# Stolen, broken and returned



## meatwagon45 (Oct 10, 2010)

About a week ago, I posted in a thread that my father managed to break a brand new chain that I put on our shindawia saw. I was talking to him last night and he said that because of his back problems he had not run a saw in years. He was aware of the broken chain and asked the 2 other guys who use our tools if they did it. Neither of them would lie about it and neither did it. It appears that our neighbor "barrowed" the saw and broke it then returned it without saying a word. 

Even though my father will never see this site (doesn't use Internet) I want to apologize for blaming him for breaking the saw.


----------



## anysawpat (Oct 14, 2010)

Time to have a talk with your neighbor:monkey:


----------



## BlueRidgeMark (Oct 14, 2010)

meatwagon45 said:


> Even though my father will never see this site (doesn't use Internet) I want to apologize for blaming him for breaking the saw.





Good on ya!


----------



## meatwagon45 (Oct 17, 2010)

Well, our neighbor struck again!!

This weekend, I've been cleaning out our barn so I can put some equipment away for the winter. Right infront of the door, I stacked 2 plastic drums and put a steel drum next to it. All were placed empty. As I was cleaning, I grabbed the steel drum to move it and *walla!* ITS FULL OF DRAIN OIL!! Little pecker next door has been dumping his oil on our property so he doesnt have to get rid of it. I was furious! The bottom of the drum is bowed so I cannot move it until it is empty. So, I move on... take down the top plastic drum and put it away. Grab the bottom plastic drum and guess what- FULL OF DRAIN OIL!!! AGAIN! I have about 100+/- gallons of this peckers waste oil that I now have to get rid of. 

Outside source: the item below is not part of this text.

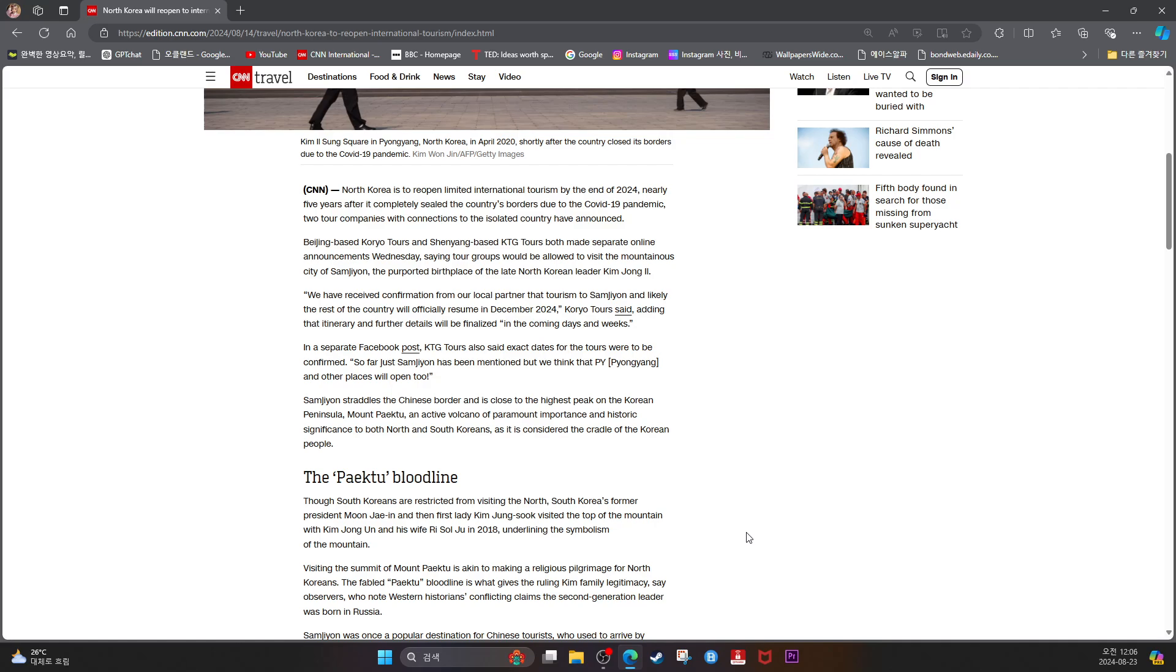Samjiyon straddles the Chinese border and is close to the highest peak on the Korean peninsula, Mount Paektu, an active volcano of paramount importance and historic significance to both North and South Koreans as it is considered the cradle of the Korean people.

I think its time for a guard dog and a survaillance camera - so I can watch him get eaten by the dog.


----------



## Stihlverado (Oct 17, 2010)

meatwagon45 said:


> Well, our neighbor struck again!!
> 
> This weekend, I've been cleaning out our barn so I can put some equipment away for the winter. Right infront of the door, I stacked 2 plastic drums and put a steel drum next to it. All were placed empty. As I was cleaning, I grabbed the steel drum to move it and *walla!* ITS FULL OF DRAIN OIL!! Little pecker next door has been dumping his oil on our property so he doesnt have to get rid of it. I was furious! The bottom of the drum is bowed so I cannot move it until it is empty. So, I move on... take down the top plastic drum and put it away. Grab the bottom plastic drum and guess what- FULL OF DRAIN OIL!!! AGAIN! I have about 100+/- gallons of this peckers waste oil that I now have to get rid of.
> 
> I think its time for a guard dog and a survaillance camera - so I can watch him get eaten by the dog.



Does he by chance garden??:monkey:


----------



## meatwagon45 (Oct 17, 2010)

I wish.. but he does have a pool...


----------



## Stihlverado (Oct 17, 2010)

meatwagon45 said:


> I wish.. but he does have a pool...



 I like the way you think!!


----------



## wahlturfcare (Oct 18, 2010)

i would dump out back or his property or somewhere inside and then call the state after you get the barrels cleaned up. 
A costly clean up price and he wont do it again.


----------



## Muffler Bearing (Oct 18, 2010)

Sounds like the time to dump a bucket of snakes into his crawl space.


----------



## Slvrmple72 (Oct 21, 2010)

Put a squirrel in his mailbox.


----------



## dingeryote (Oct 21, 2010)

Go talk to the neighbor.

Be cool about it.
Wait until after he plays the jackass, and you have to tell him he's no longer welcome. Then break the seal on a can of nasty if you have to.

Just remember he's there 24/7 next to your dad, and you aren't.

Call around. Sometimes the county Ag extension can point you to somebody that will pick up the waste drain oil for free.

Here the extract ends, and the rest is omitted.